== EXERCISE DATA ==

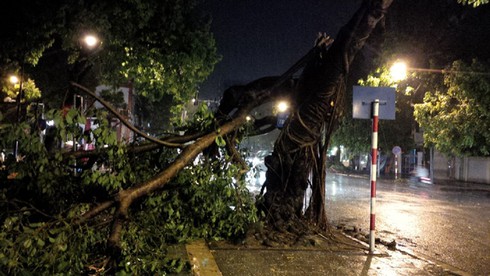 Hà Nội: Cây đổ gãy đè chết một lái xe taxi trong mưa dông - ảnh 13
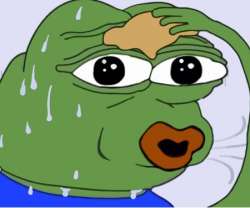 450x376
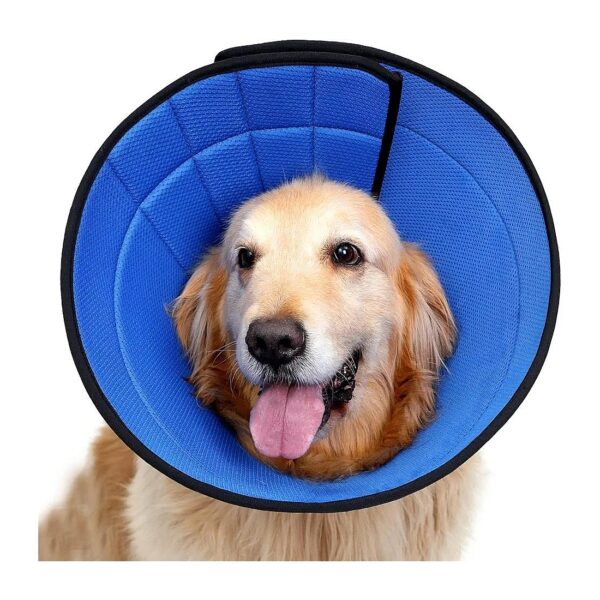 Dog Wellness Recovery Cone, Sturdy Leathaire and Soft Cotton for Wound Protection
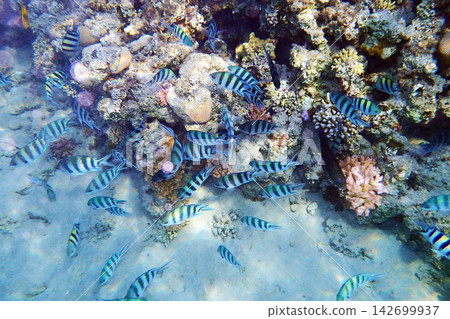 nice coral reef in the Egypt, Safaga nice coral reef in the Egypt, Safaga 142699937
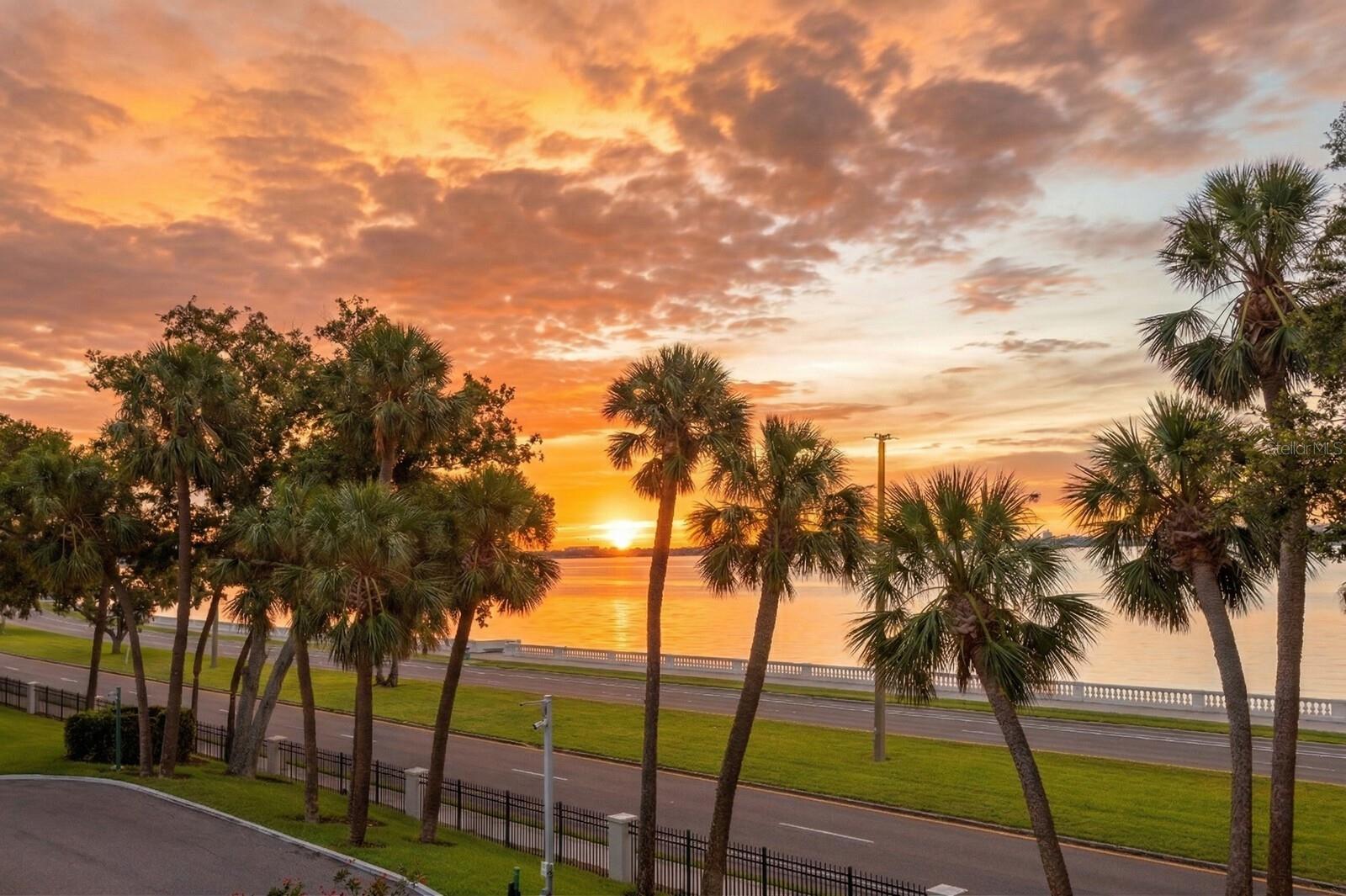 2619 BAYSHORE BLVD #200, TAMPA, FL, 33629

===

Once the pictures are set aside, repeat each entry exactly as it stands.

 Hà Nội: Cây đổ gãy đè chết một lái xe taxi trong mưa dông - ảnh 13
 450x376
 Dog Wellness Recovery Cone, Sturdy Leathaire and Soft Cotton for Wound Protection
 nice coral reef in the Egypt, Safaga nice coral reef in the Egypt, Safaga 142699937
 2619 BAYSHORE BLVD #200, TAMPA, FL, 33629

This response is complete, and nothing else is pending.